**** DATASET ENTRIES ****

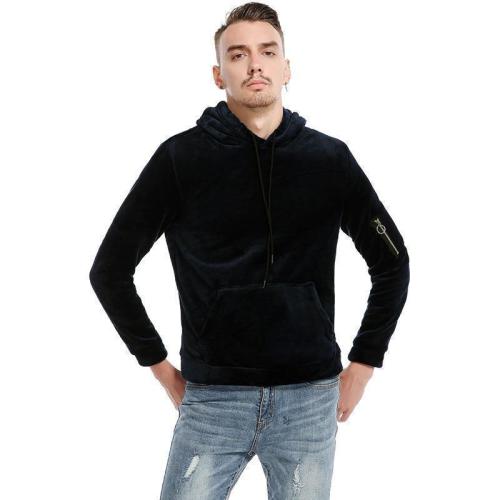 Fashion Plain Slim Zipper Packets Hoodie With Hat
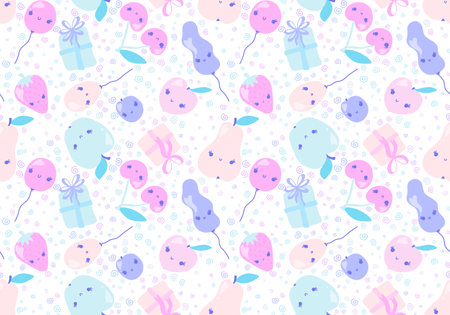 Summer cartoon fruit seamless apples and cherry and peaches and plums and pears pattern for birthday gifts and wrapping paper and fabrics and linens and kids clothes print. high quality illustrationの写真素材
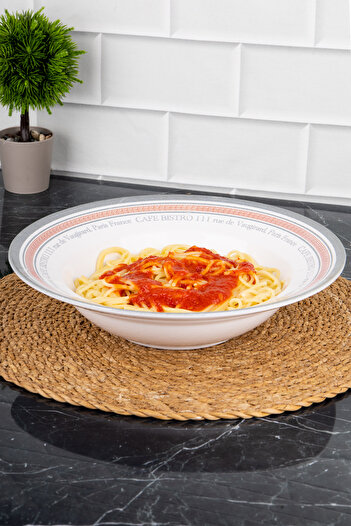 DNS HOME 6 Adet Keramika Delta Makarna Tabağı 26 cm Tabak Set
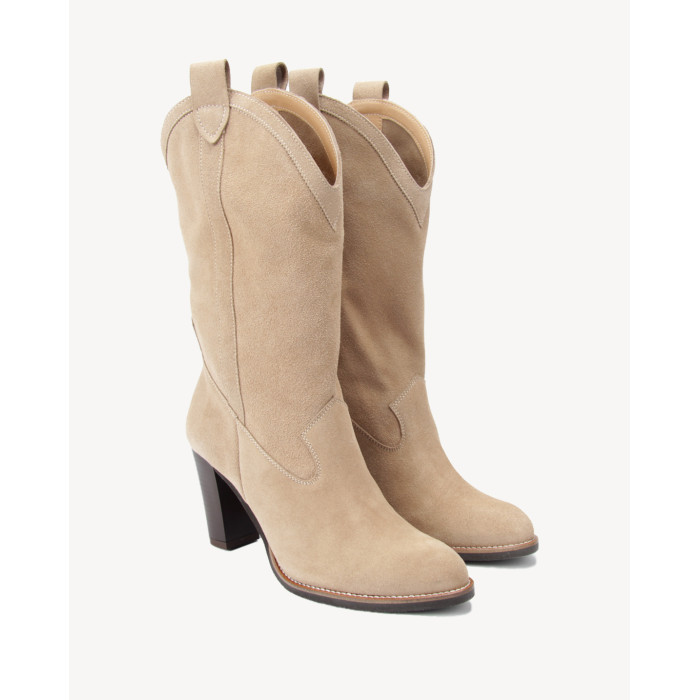 High Beige velour cowboy boots
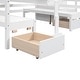 preview thumbnail 8 of 6, White Full Size Pine Wood Convertible Bunk Bed with Storage Staircase and Drawer, Down Bed Converts to Seats and Table Set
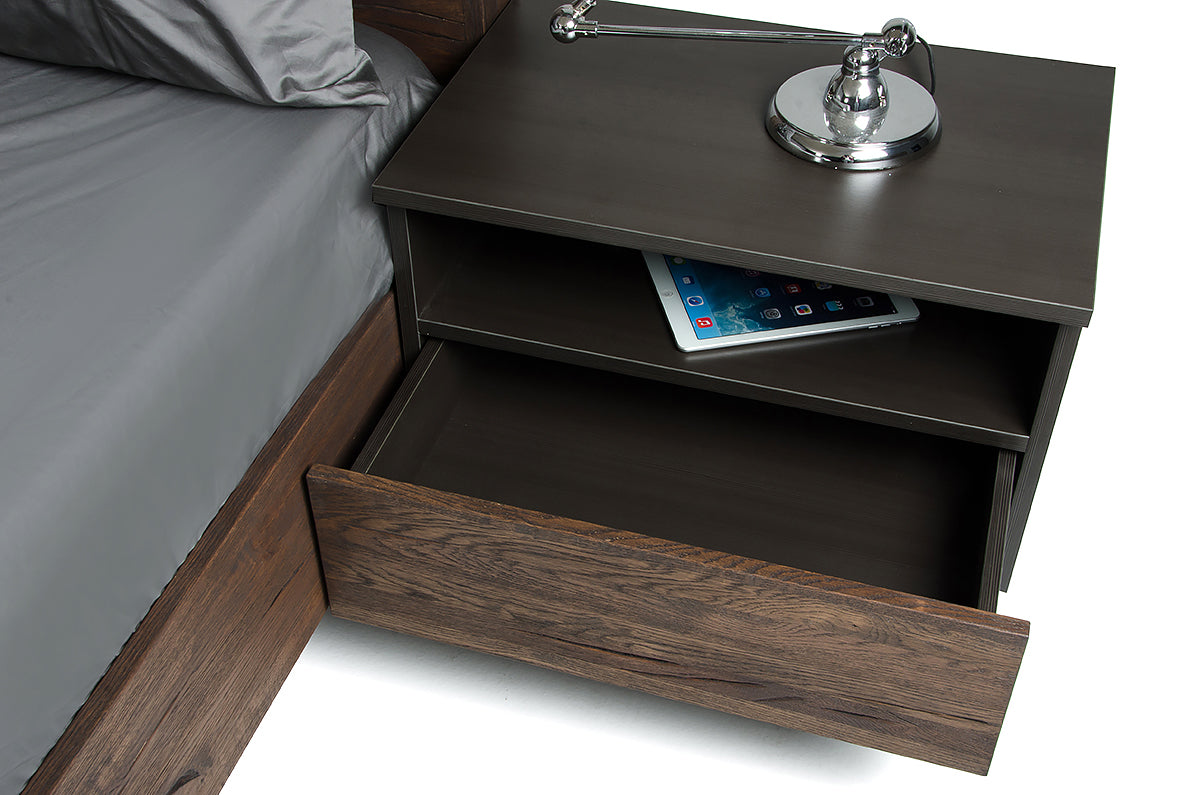 Dark Aged Oak Veneer Steel & Wood Nightstand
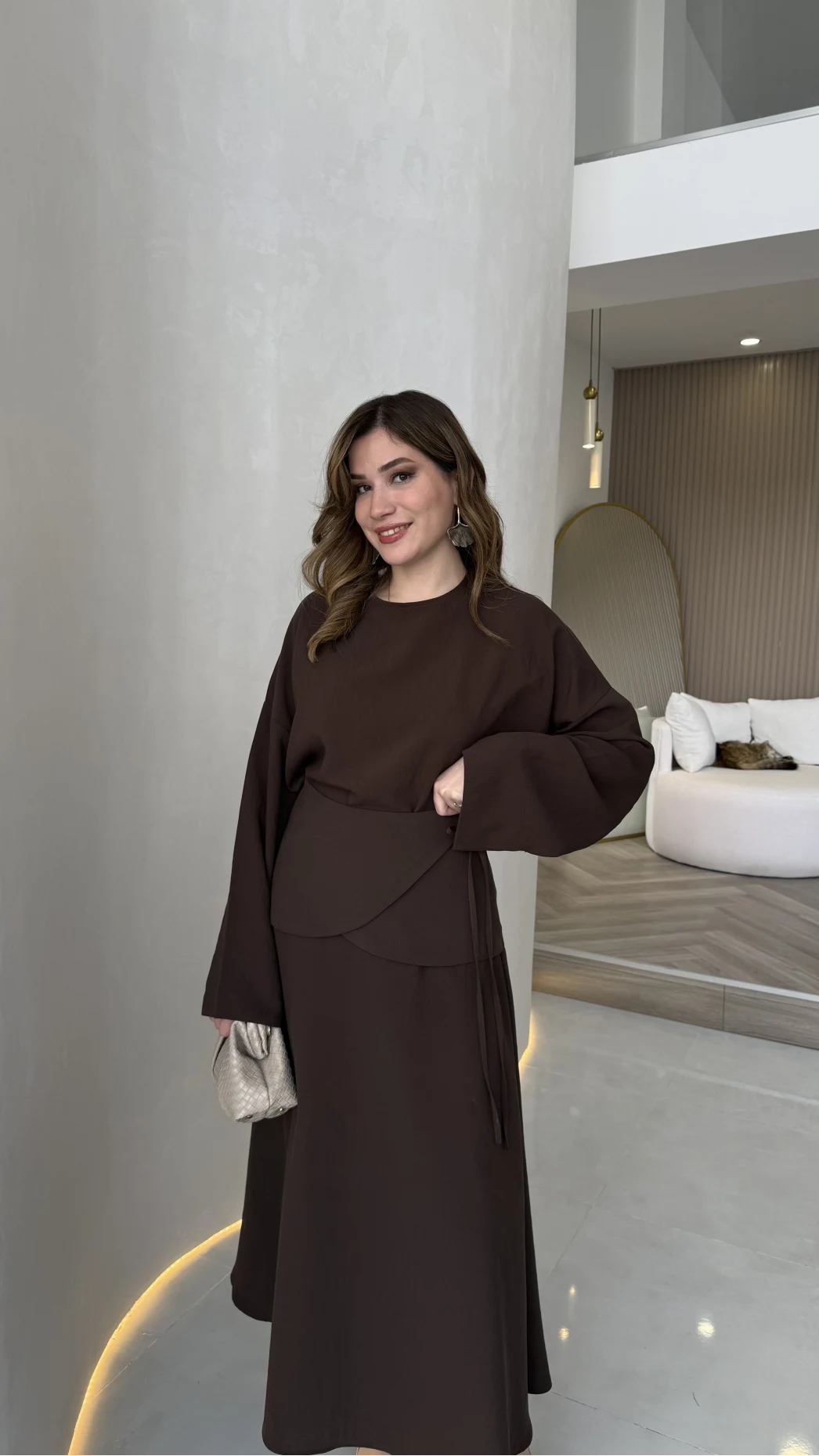 La Fortuna Bel Detay Bağcıklı Takım - Kahve - Kod: 9034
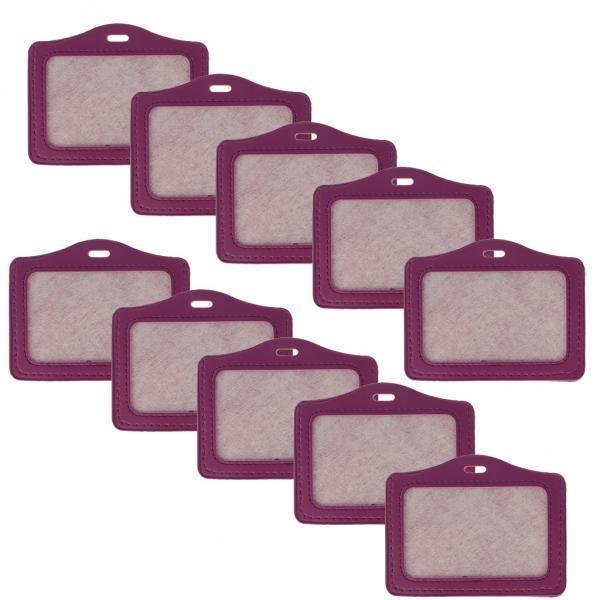 3x10 Pieces Credit Card Bus Pass ID Badge Holder Protector Purple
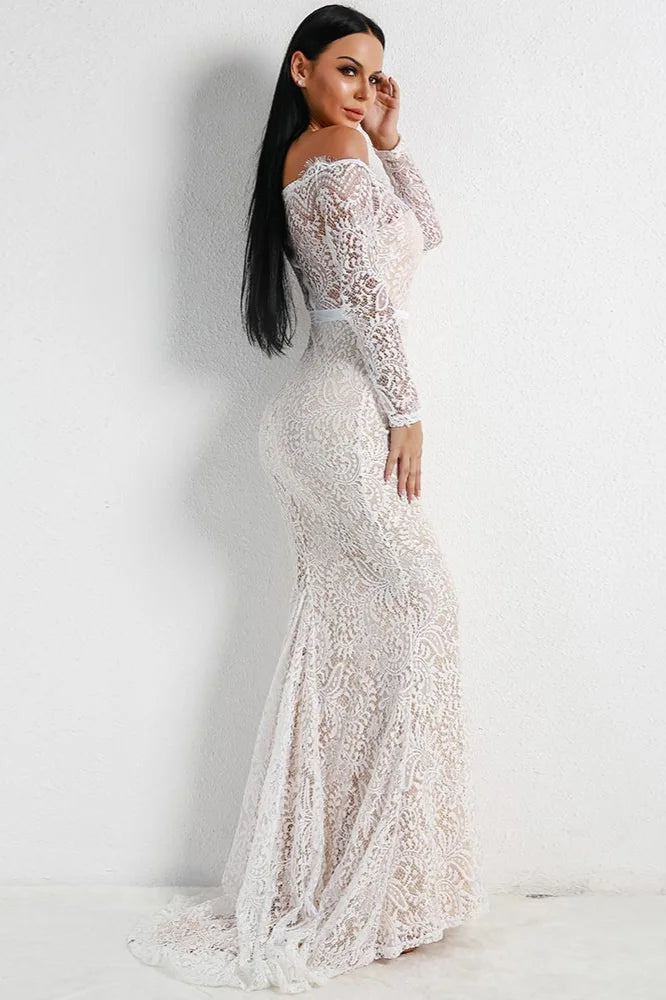 Off-the-Shoulder Long Sleeve Mermaid Evening Gowns Lace Long Prom Dress Online-BallBride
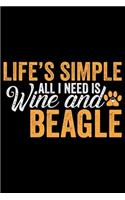 Life's Simple All I Need Is Wine And Beagle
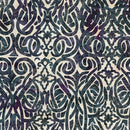 Island Batik Magenta Dusk Ornate Scroll Neutral Champagne Batik Fabric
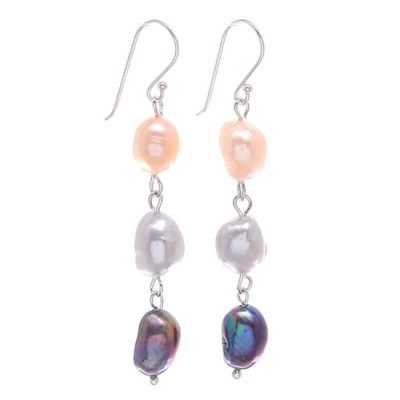 Alternate image for Sterling Silver Cultured Pearl Dangle Earrings From Thailand Candy Pearl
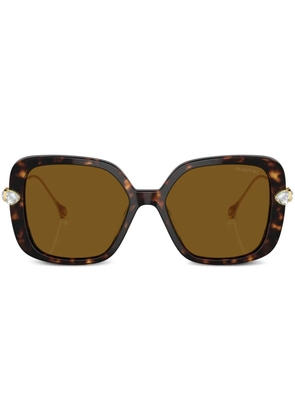 Swarovski Eyewear tortoiseshell-effect rectangle-frame sunglasses - Green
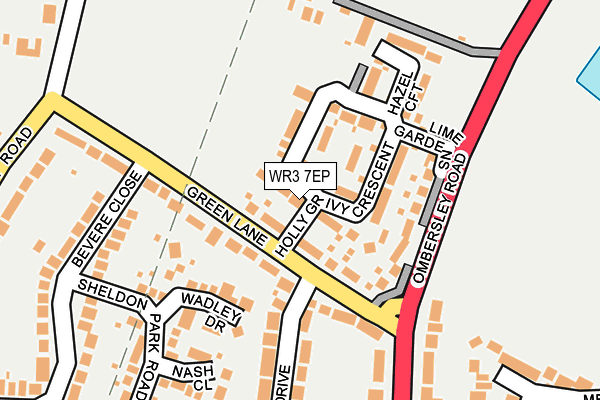 WR3 7EP map - OS OpenMap – Local (Ordnance Survey)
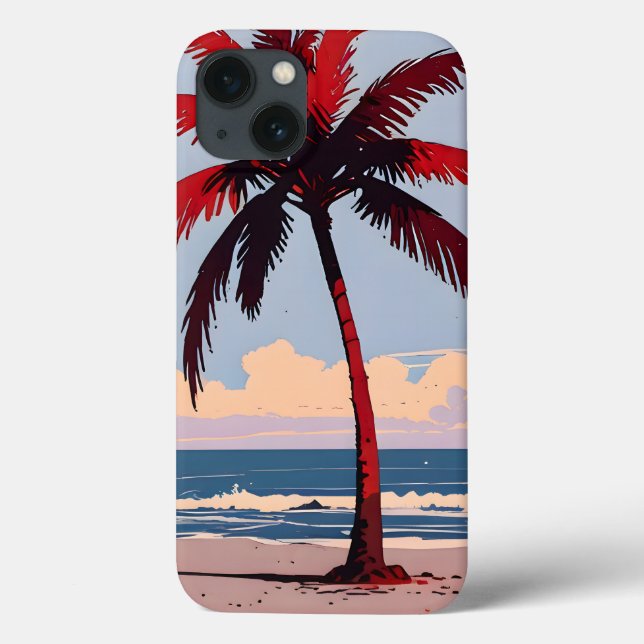Funda De Case-Mate Para iPhone Línea costera de Crimson (Reverso)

****

▸ **EXERCISE REQUIREMENTS**:
Skipping every picture, reproduce the records word for word.

▸ **FINAL ANSWER**:
 Fashion Plain Slim Zipper Packets Hoodie With Hat
 Summer cartoon fruit seamless apples and cherry and peaches and plums and pears pattern for birthday gifts and wrapping paper and fabrics and linens and kids clothes print. high quality illustrationの写真素材
 DNS HOME 6 Adet Keramika Delta Makarna Tabağı 26 cm Tabak Set
 High Beige velour cowboy boots
 preview thumbnail 8 of 6, White Full Size Pine Wood Convertible Bunk Bed with Storage Staircase and Drawer, Down Bed Converts to Seats and Table Set
 Dark Aged Oak Veneer Steel & Wood Nightstand
 La Fortuna Bel Detay Bağcıklı Takım - Kahve - Kod: 9034
 3x10 Pieces Credit Card Bus Pass ID Badge Holder Protector Purple
 Off-the-Shoulder Long Sleeve Mermaid Evening Gowns Lace Long Prom Dress Online-BallBride
 Life's Simple All I Need Is Wine And Beagle
 Island Batik Magenta Dusk Ornate Scroll Neutral Champagne Batik Fabric
 Alternate image for Sterling Silver Cultured Pearl Dangle Earrings From Thailand Candy Pearl
 Swarovski Eyewear tortoiseshell-effect rectangle-frame sunglasses - Green
 WR3 7EP map - OS OpenMap – Local (Ordnance Survey)
Funda De Case-Mate Para iPhone Línea costera de Crimson (Reverso)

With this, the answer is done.